- AMY’S LONDON | HIDDEN TREASURES: LEIGHTON HOUSE AND NOUR FESTIVAL
- by Anna-Lena Werner 05 Oct 01:01
- Field of work
Tucked away on a leafy, unassuming Kensington street is the house of Frederic Leighton, late Victorian President of the Royal Academy of Arts and the only British artist ever to have been knighted. A skilled draughtsman and elegant portraitist, Leighton was a contemporary of the pre-Raphaelites and whilst professing to be of a very different school, works such as the iconic Flaming June (1895) illustrate why his name is most commonly associated with those of Millais and Rossetti. All three were included alongside works by Oscar Wilde and William Morris as part of the excellent show about the Aesthetic movement in Britain at the V&A last autumn. The focus of the V&A show was “art for art’s sake” mantra of this group of artists and critics for whom the pursuit of beauty and the desire to surround oneself with the aesthetically pleasing was valued above all else. Nowhere is this sensibility more evident than in spectacular, Alhambra-esque Arab Hall at Leighton’s former residence. An interior oasis of sumptuous, peacock-blue Persian tiles and intricate Arabic and Venetian glasswork, the hall features a central fountain that sits beneath a high, gilded dome designed especially by Leighton’s architect, George Aitchison. Leighton was widely travelled, thanks in large part to the great wealth of his physician father, and frequently visited North Africa and the Middle East. Here he amassed a large collection of ceramics – particularly tiles, textiles and woodwork, some of which are accommodated in the Arab Hall.

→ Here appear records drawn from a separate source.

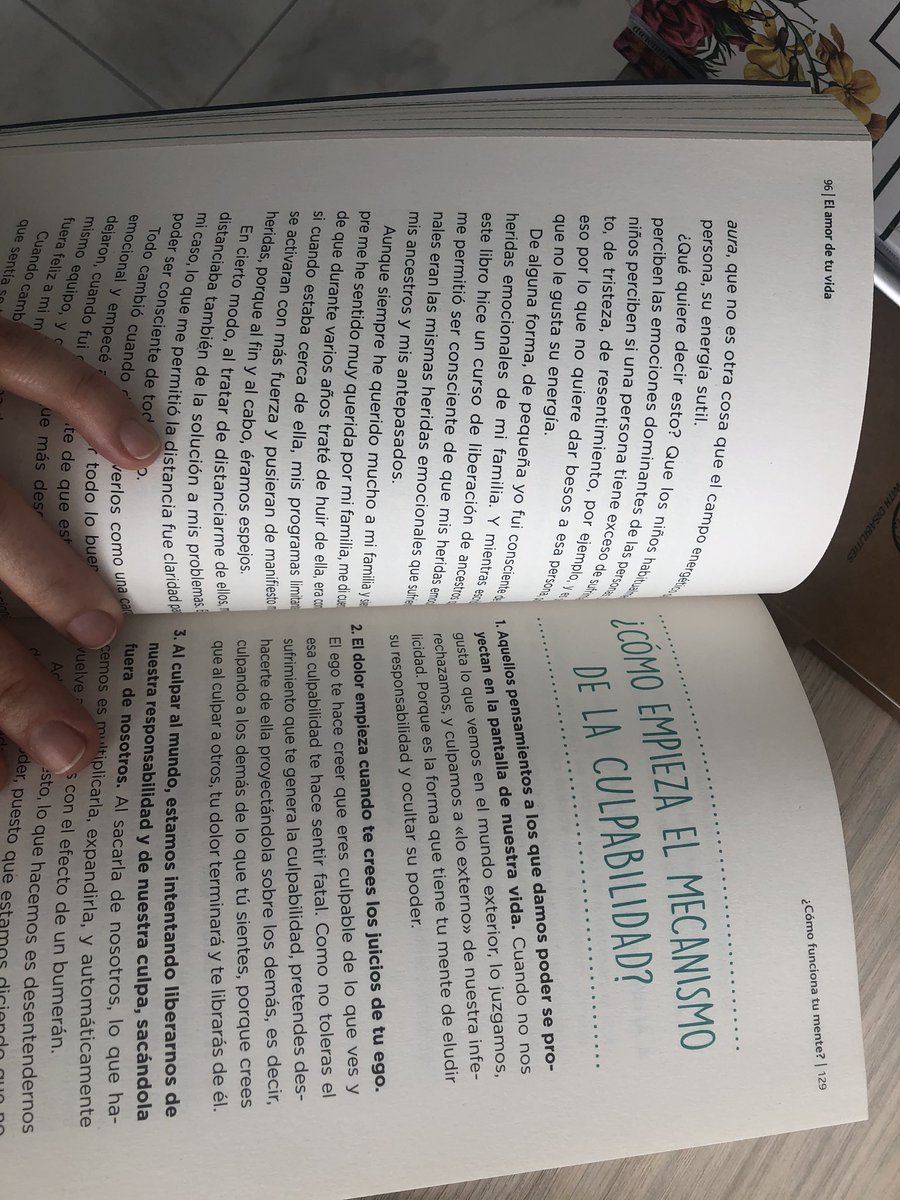 catapps2's tweet photo. @PlanetaLibrosCo que hace uno cuando el libro que está leyendo está mal editado? #ayuda #amoleer https://t.co/evZzK15WCI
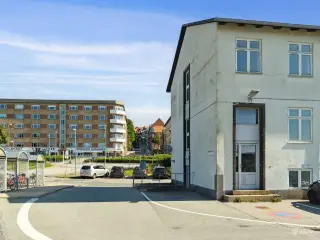 Funktionelt kontorlejemål tæt på Randers Station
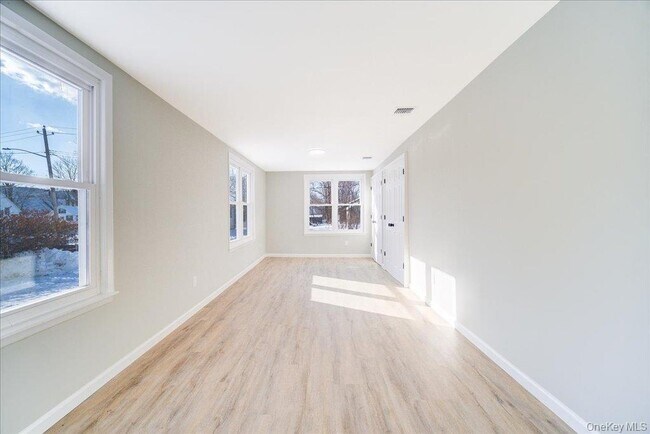 Building Photo - 108 Pine St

Upstairs, in Leighton’s less ostentatious bedroom, the curled, sweeping forms of William Morris’ elaborate “India” wallpaper recall the sinuous lines of the mosaic detailing and Persian inscriptions below. In the large, light studio Persian rugs jostle for wall space with plaster casts of the Elgin marbles and pre-Raphaelite tableaux - his own or gifts from friends – in which the heroines of classical mythology are cast as creamy Victorian beauties, doe-eyed and porcelain skinned. The whole house reads as a reflection on the pervasive Orientalism of the Aesthetic movement, a tendency undoubtedly linked to Britain’s contemporary Imperial context, and a testament to the enduring exotic appeal of non-Western decorative arts.
12 Holland Park Road London, W14 8LZ Open from: 10am – 5.30pm daily, closed Tuesdays Explore the whole house with this great virtual tour here
NOUR FESTIVAL OF CONTEMPORARY ARTS AT LEIGHTON HOUSE MUSEUM OCTOBER – NOVEMBER 2011 Capitalising on this East-meets-West aesthetic, Leighton House is preparing to host the Nour Festival of Arts over the next two months. The festival features contemporary art, film, music, literature, fashion and all things cultural from the Middle East and North Africa. There is an interesting programme of talks by journalists, artists and academics and you can even take a course to learn the techniques for decorating your own, Leighton collection-inspired Ottoman plate.
MY PICK OF THE PROGRAM: SOUND ART INSTILLATION: Seth Ayyaaz The Bird Ghost at the Zaouia (Oct 31st- Nov 5th, free with museum entry) 8-channel sound instillation using material recorded at Sufi shrines, mosques and religious spaces in Morocco, Egypt and Lebanon.